7. In their applications to the Court the applicants complained under Article 6 of the Convention that in the proceedings before the HSYK they had not been afforded a fair trial by an impartial tribunal. The applicants in applications nos. 52107/14, 54317/14 and 54503/14, relying on the case of Olujić v. Croatia (no. 22330/05, 5 February 2009), contended that the guarantees of Article 6 should be applied during the proceedings before the HSYK. They asserted that the transfer decisions had been issued following a change in the distribution of tasks between the chambers of the HSYK. They also noted that the decisions in question had disregarded the HSYK's precedents and established practices and had been against the principle of judicial independence and the security of tenure of judges and prosecutors. Alongside those arguments, the applicant in application no. 54503/14 complained that the HSYK had dismissed his review request without giving any reasons. The applicant in application no. 57955/15 noted that he could not have had recourse to a judicial remedy against the decision of the HSYK and then complained that he had been deprived of the right to have access to justice as provided by Article 6 of the Convention and that the Objections Board of the HSYK had not represented an effective domestic remedy within the meaning of Article 13. The applicant in application no. 63031/15 asserted that the lack of reasoning in the HSYK's replies to his review request and objection had deprived him of claiming his rights and constituted an explicit indication that there was not any other domestic remedy in this regard. All of the remaining applicants complained under Article 6 § 1 of the Convention about the breach of their right to a reasoned judgment, of the principle of adversarial procedure, and impartiality during the proceedings before the HSYK. In addition to those complaints, the applicants in applications nos. 4414/16, 5028/16 and 5585/16 complained of the absence of a public hearing before the HSYK.
THE COURT'S ASSESSMENT
I. JOINDER OF THE APPLICATIONS
8. Having regard to the similar subject matter of the applications, the Court finds it appropriate to examine them jointly in a single judgment.
II. THE GOVERNMENT'S request to stirke out application no. 63031/15 under article 37 of the convention
9. In their observations submitted in respect of application no. 63031/15, the Government argued that the applicant had failed to appoint a representative, and unless the President of the Section had granted leave to him to represent himself before the Court, the Court should not examine his case. Accordingly, the Government invited the Court to strike the application out of its list of cases, under Article 37 § 1 (a) of the Convention.

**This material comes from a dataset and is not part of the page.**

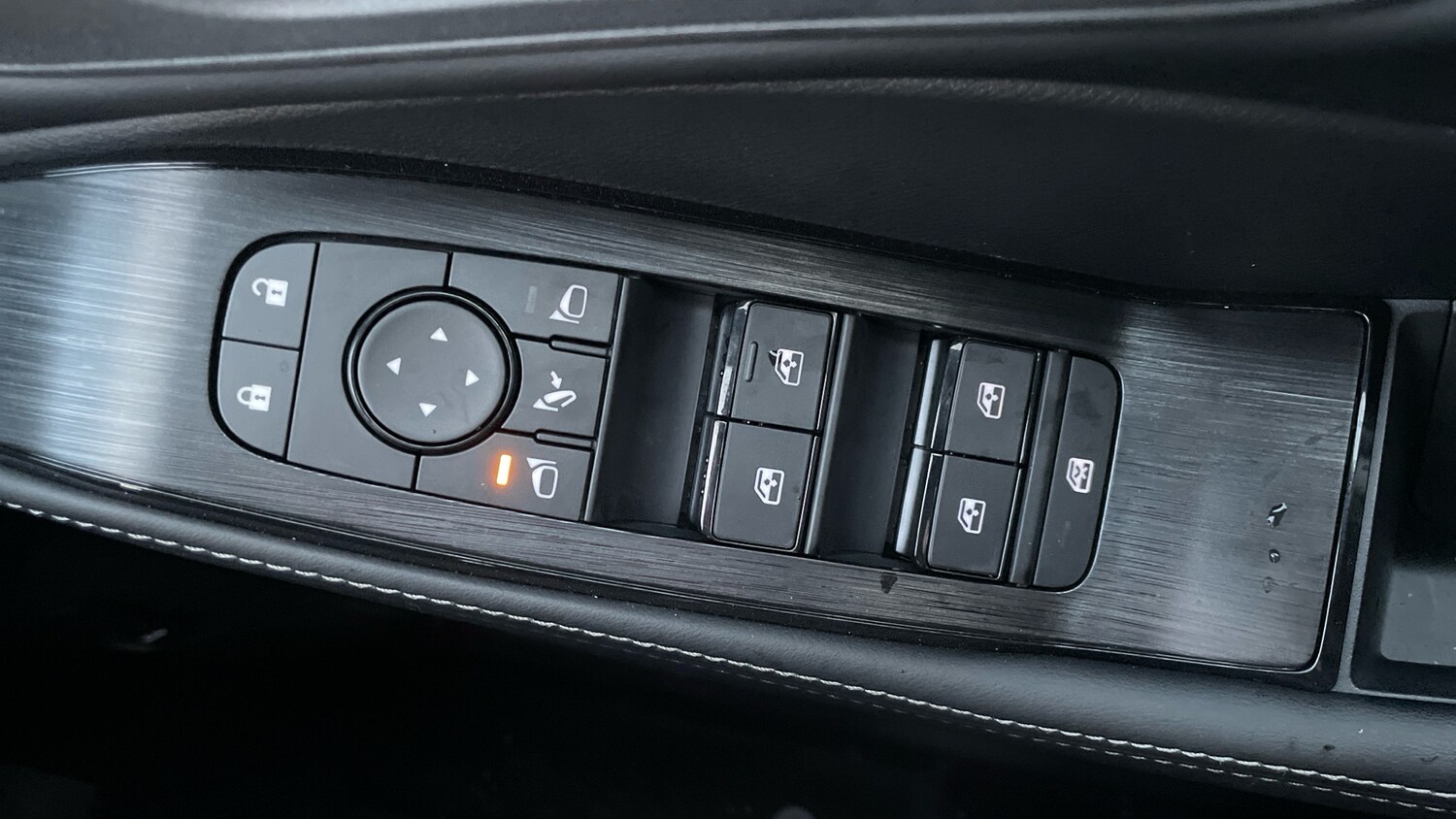 Used Nissan X-Trail 2025 for sale - 76504893: Photo 50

10. The Court notes that at the time the Government were given notice of the applications, the President of the Section granted leave to the applicants who were not represented by a lawyer to present their own case before the Court, in application of Rule 36 § 2 of the Rules of Court. That being the case, the requirements of Article 37 § 1 (a) are not met and the Government's request must accordingly be dismissed.
III. ALLEGED VIOLATION OF ARTICLE 6 § 1 OF THE CONVENTION
A. Scope of the case
11. The applicants complained that the proceedings before the HSYK had violated their right to a fair hearing.
12. Being master of the characterisation to be given in law to the facts of the case (see Guerra and Others v. Italy, 19 February 1998, § 44, Reports of Judgments and Decisions 1998-I, and Radomilja and Others v. Croatia [GC], nos. 37685/10 and 22768/12, §§ 114 and 124, 20 March 2018) and referring to its case-law (see Bilgen v. Turkey, no. 1571/07, §§ 69-81 and §§ 91-97, 9 March 2021, and Eminağaoğlu v. Turkey, no. 76521/12, §§ 36, 76 and §§ 99-102, 9 March 2021), the Court, when giving notice of the application to the Government, invited the parties to submit observations on the question whether the applicants had access to a court, as guaranteed by Article 6 § 1 of the Convention, concerning the decisions to transfer them.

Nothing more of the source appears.